SQL: empty string vs NULL value
- by Jacek Prucia
I know this subject is a bit controversial and there are a lot of various articles/opinions floating around the internet. Unfortunatelly, most of them assume the person doesn't know what the difference between NULL and empty string is. So they tell stories about surprising results with joins/aggregates and generally do a bit more advanced SQL lessons. By doing this, they absolutely miss the whole point and are therefore useless for me. So hopefully this question and all answers will move subject a bit forward.

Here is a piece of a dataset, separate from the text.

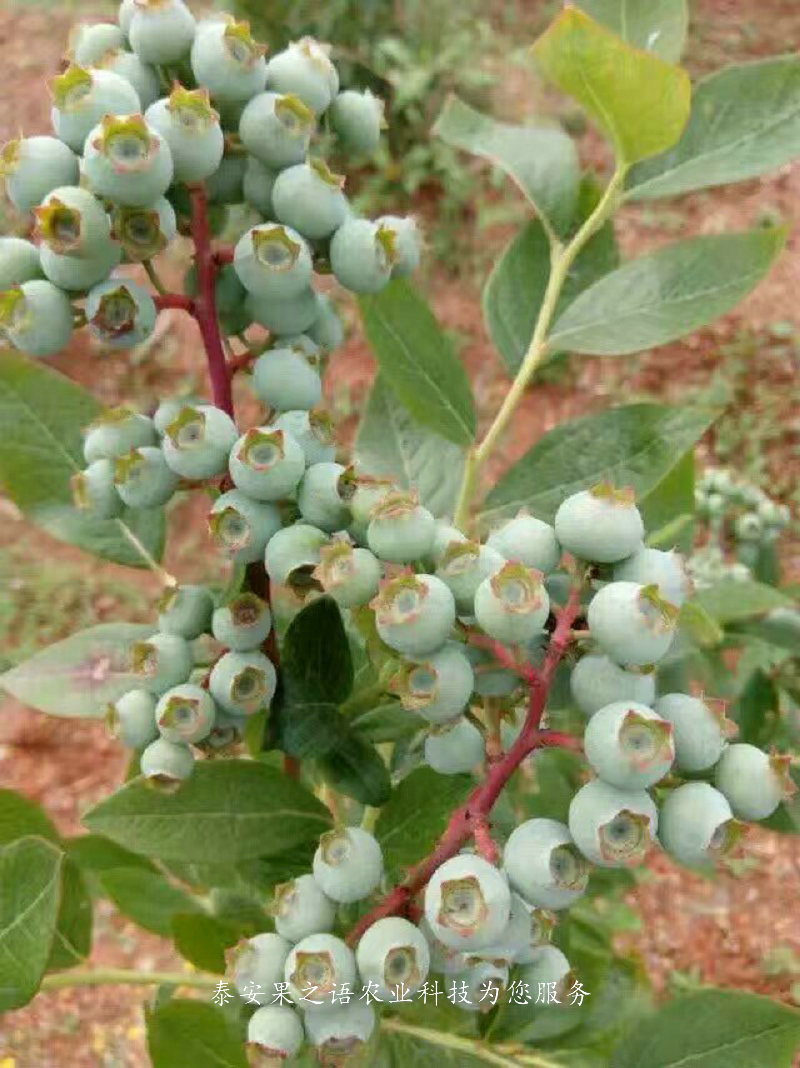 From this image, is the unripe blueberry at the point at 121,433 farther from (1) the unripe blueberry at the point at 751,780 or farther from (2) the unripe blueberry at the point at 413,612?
(1) the unripe blueberry at the point at 751,780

Let's suppose I have a table with personal information (name, birth, etc) where one of the columns is an email address with varchar type. We assume that for some reason some people might not want to provide an email address. When inserting such data (without email) into the table, there are two available choices: set cell to NULL or set it to empty string (''). Let's assume that I'm aware of all the technical implications of choosing one solution over another and I can create correct SQL queries for either scenario. The problem is even when both values differ on the technical level, they are exactly the same on logical level. After looking at NULL and '' I came to a single conclusion: I don't know email address of the guy. Also no matter how hard i tried, I was not able to sent an e-mail using either NULL or empty string, so apparently most SMTP servers out there agree with my logic. So i tend to use NULL where i don't know the value and consider empty string a bad thing.
After some intense discussions with colleagues i came with two questions:
am I right in assuming that using empty string for an unknown value is causing a database to "lie" about the facts? To be more precise: using SQL's idea of what is value and what is not, I might come to conclusion: we have e-mail address, just by finding out it is not null. But then later on, when trying to send e-mail I'll come to contradictory conclusion: no, we don't have e-mail address, that @!#$ Database must have been lying!
Is there any logical scenario in which an empty string '' could be such a good carrier of important information (besides value and no value), which would be troublesome/inefficient to store by any other way (like additional column). I've seen many posts claiming that sometimes it's good to use empty string along with real values and NULLs, but so far haven't seen a scenario that would be logical (in terms of SQL/DB design).
P.S. Some people will be tempted to answer, that it is just a matter of personal taste. I don't agree. To me it is a design decision with important consequences. So i'd like to see answers where opion about this is backed by some logical and/or technical reasons.